(Stored dataset items)
═══
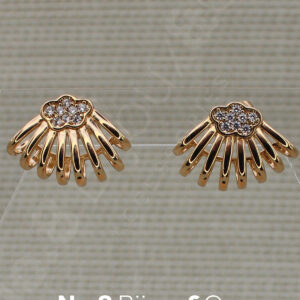 Xuping Rose Altın Kaplama Taşlı Çiçek Motifli Çoklu Kavis Tasarım Küpe - Görsel 3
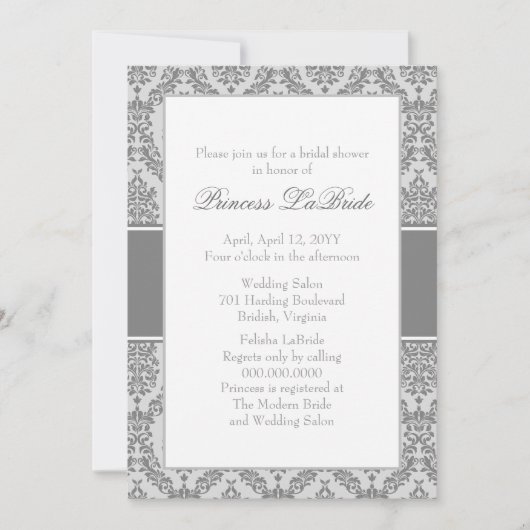 Trolley Grey Damask Invitation de la douche nuptia (Devant)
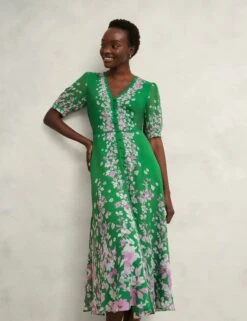 Pure Silk Floral V-Neck Midi Skater Dress -Marks and Spencer Shop Pure Silk Floral V Neck Midi Skater Dress 5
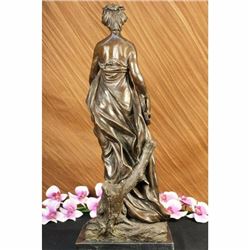 Art Nouveau Elegant Bronze Marble Statue Nude Woman Classical Narcissism Mirror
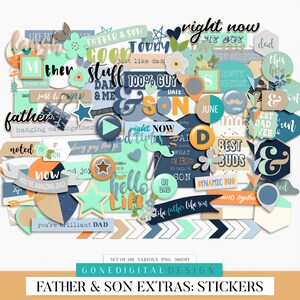 May include: A set of 100 digital stickers featuring illustrations and phrases related to fatherhood and sons. The stickers are in a variety of colors, including blue, green, orange, and brown. The stickers feature phrases like "father & son", "best buds", "dynamic duo", "right now", "love you dad", and "you're amazing dad".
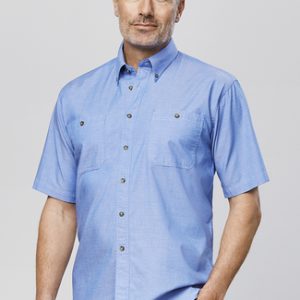 Mens 100% Cotton Wrinkle Free Chambray Short Sleeve Shirt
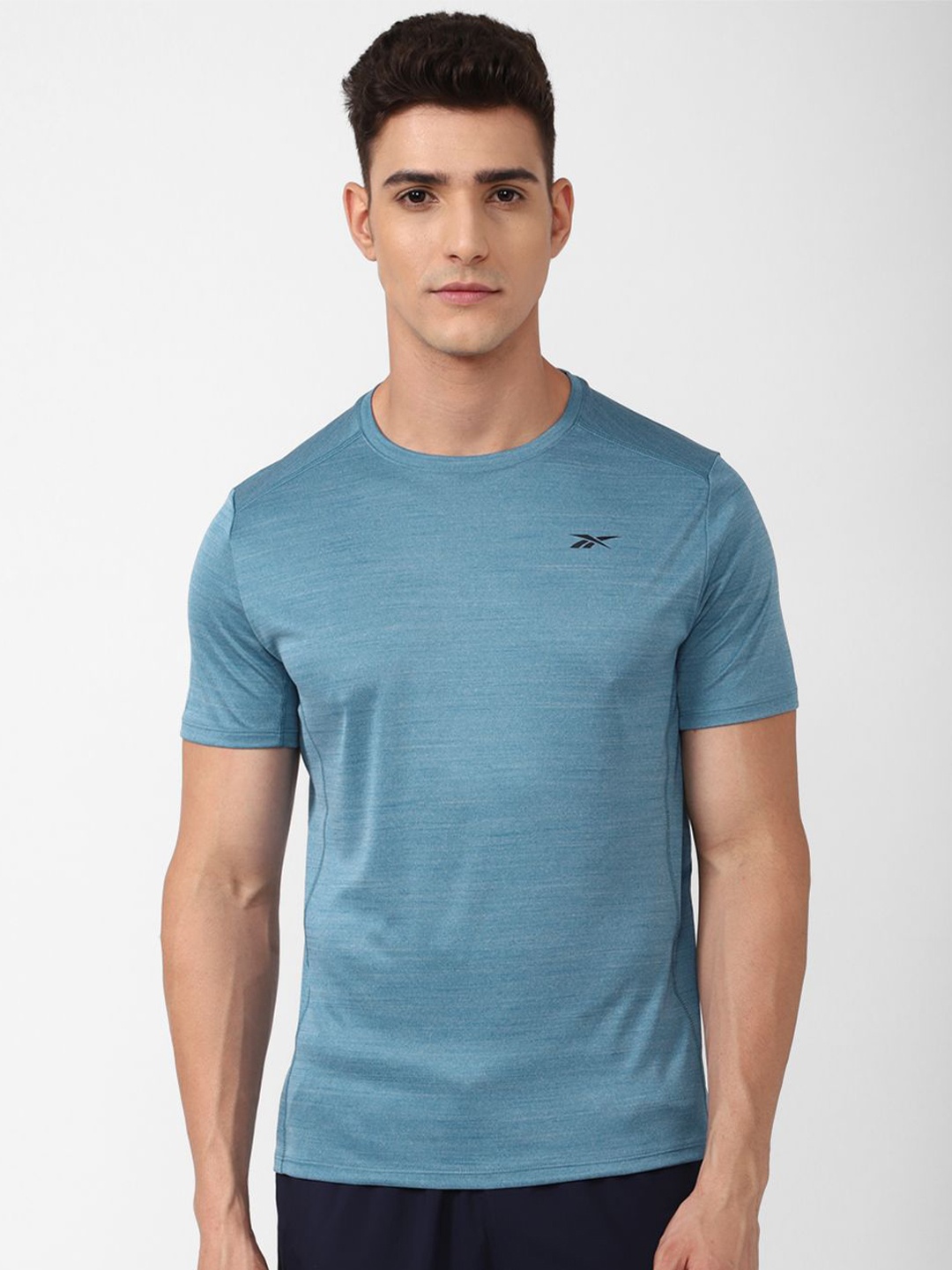 

Reebok Melange Round Neck Tee, Blue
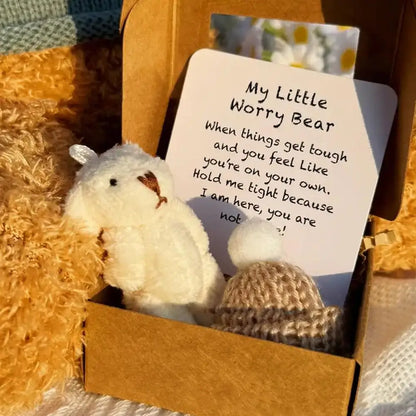 Pocket Worry Bear – Mini Plush Bear in a Box with Inspirational Card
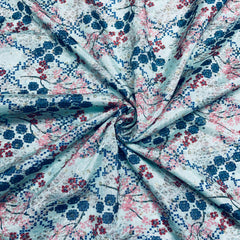 Sky blue & Multicolor Floral Print Chinon Fabric - TradeUNO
═══
EXERCISE PROMPT
Retype all entries above verbatim; no pictures belong in the copy.

YOUR RESPONSE
 Xuping Rose Altın Kaplama Taşlı Çiçek Motifli Çoklu Kavis Tasarım Küpe - Görsel 3
 Trolley Grey Damask Invitation de la douche nuptia (Devant)
 Pure Silk Floral V-Neck Midi Skater Dress -Marks and Spencer Shop Pure Silk Floral V Neck Midi Skater Dress 5
 Art Nouveau Elegant Bronze Marble Statue Nude Woman Classical Narcissism Mirror
 May include: A set of 100 digital stickers featuring illustrations and phrases related to fatherhood and sons. The stickers are in a variety of colors, including blue, green, orange, and brown. The stickers feature phrases like "father & son", "best buds", "dynamic duo", "right now", "love you dad", and "you're amazing dad".
 Mens 100% Cotton Wrinkle Free Chambray Short Sleeve Shirt

Reebok Melange Round Neck Tee, Blue
 Pocket Worry Bear – Mini Plush Bear in a Box with Inspirational Card
 Sky blue & Multicolor Floral Print Chinon Fabric - TradeUNO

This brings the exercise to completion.